• The problem:
Write out again, exactly as they appear, the lines from the start of the data below through the line with "231751_7 231751_7"; no pictures.

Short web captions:
◆ ◆ ◆ ◆ ◆

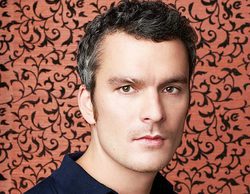 Indignación con el actor Balthazar Getty ('Cinco hermanos') por presumir de su vida como multimillonario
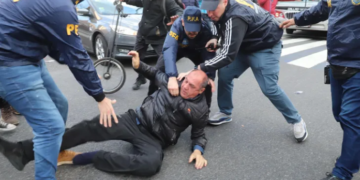 Represión a Jubilados en el Congreso: La CGT Catamarca Condena la Violencia Policial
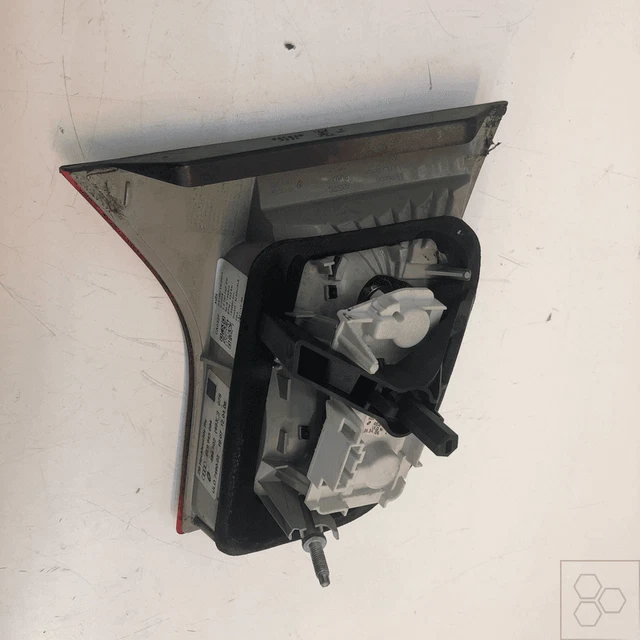 231751_7 231751_7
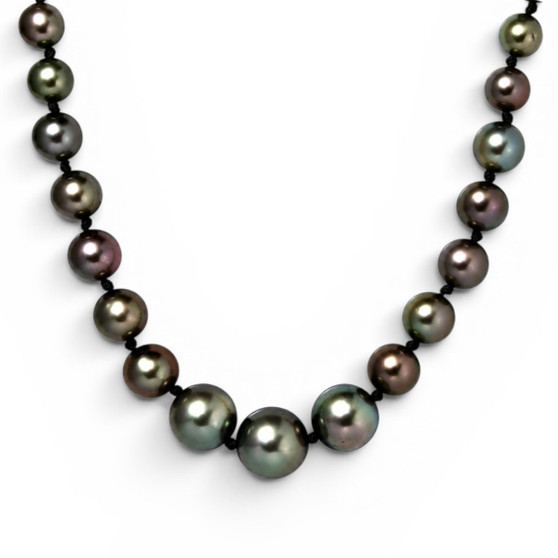 tahitian pearl graduated 7 to 12mm pearl strand necklace with 950 platinum lobster claw clasp close up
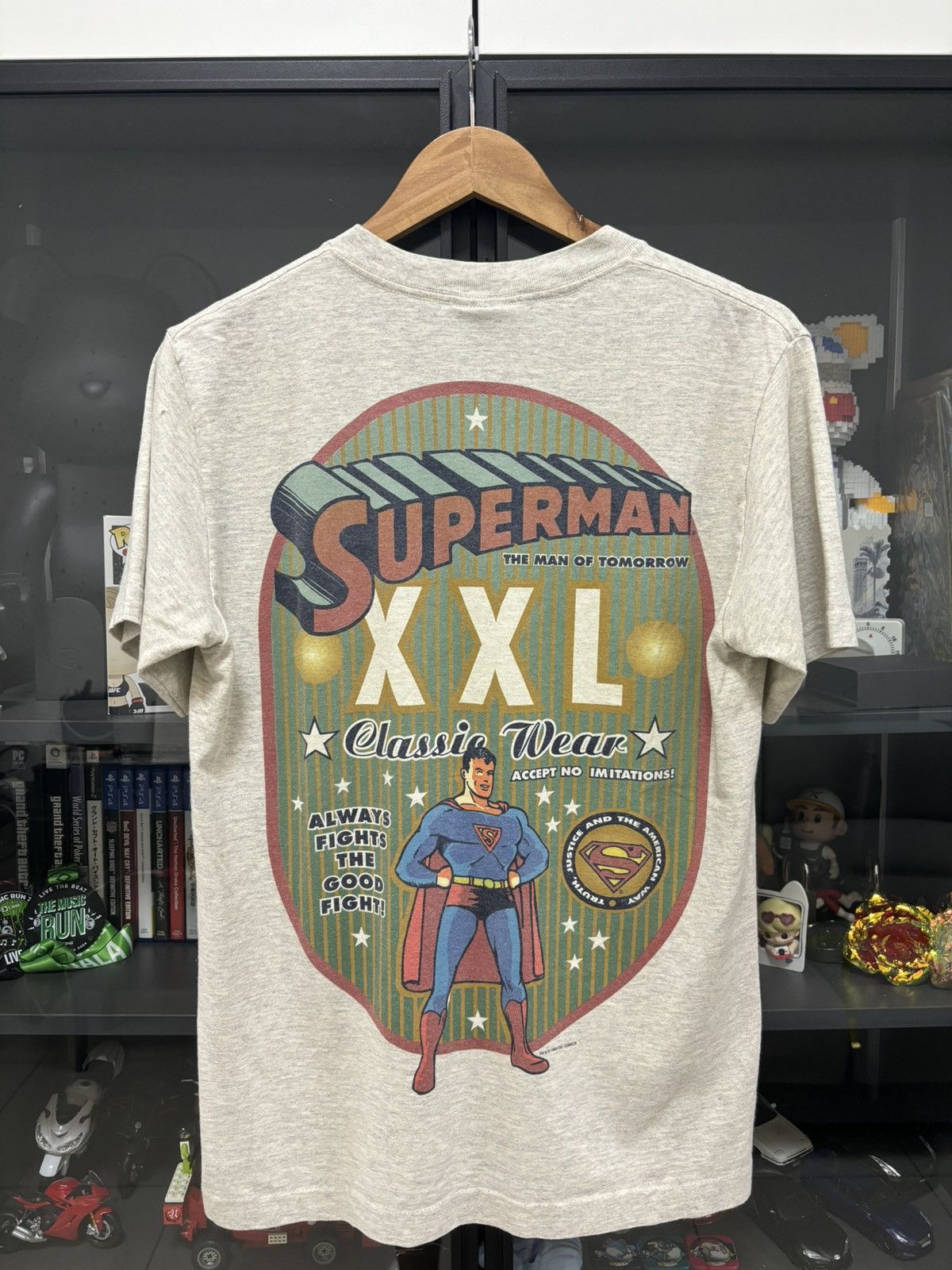 Giant × Vintage Vintage 90's Superman Classic Wear Tshirt Size US M / EU 48-50 / 2 - 1 Thumbnail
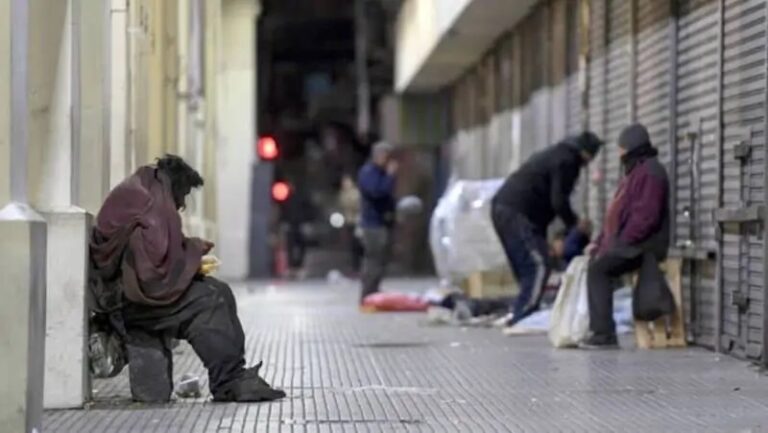 Por mes, más de un millón de argentinos caen en la pobreza por la inflación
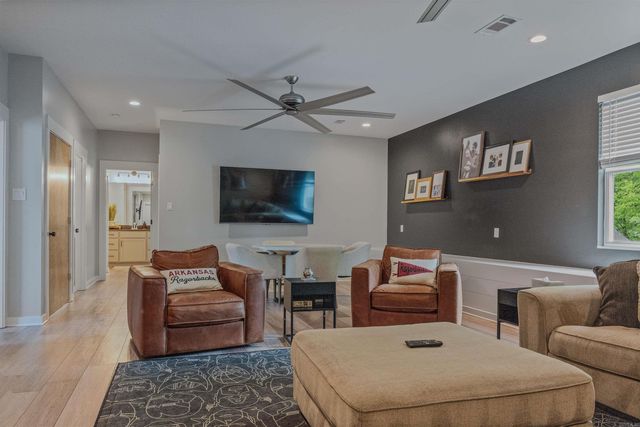 305 W Cross Street, Benton, AR 72015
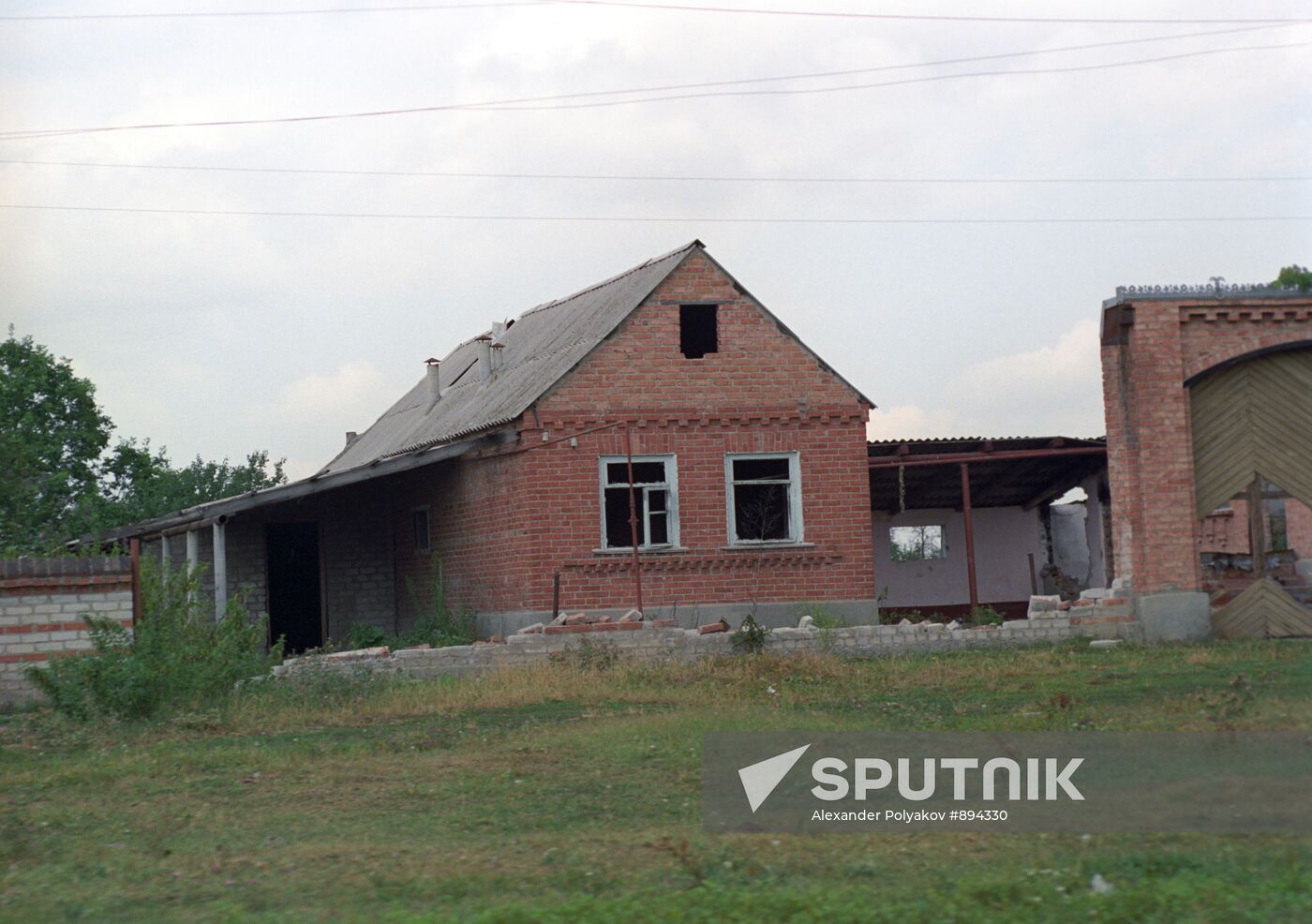 Burnt buildings in village Chermen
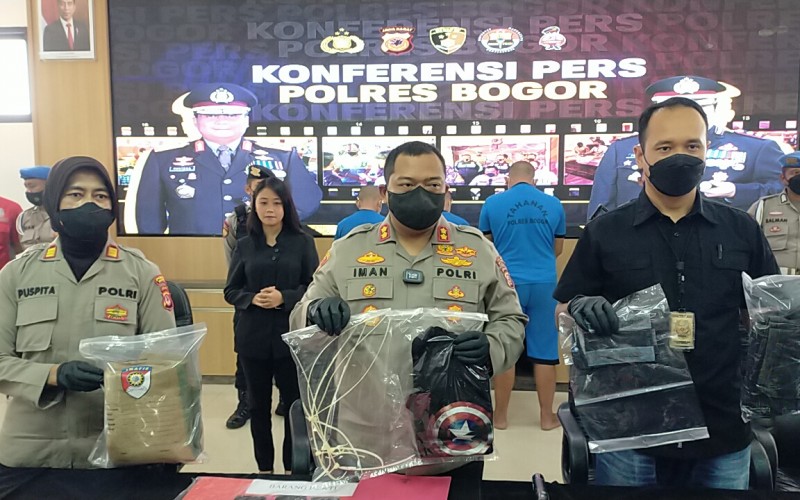 Polisi Bekuk 4 Pelaku Pembunuhan di Sukamakmur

◆ ◆ ◆ ◆ ◆

• Answer area:
 Indignación con el actor Balthazar Getty ('Cinco hermanos') por presumir de su vida como multimillonario
 Represión a Jubilados en el Congreso: La CGT Catamarca Condena la Violencia Policial
 231751_7 231751_7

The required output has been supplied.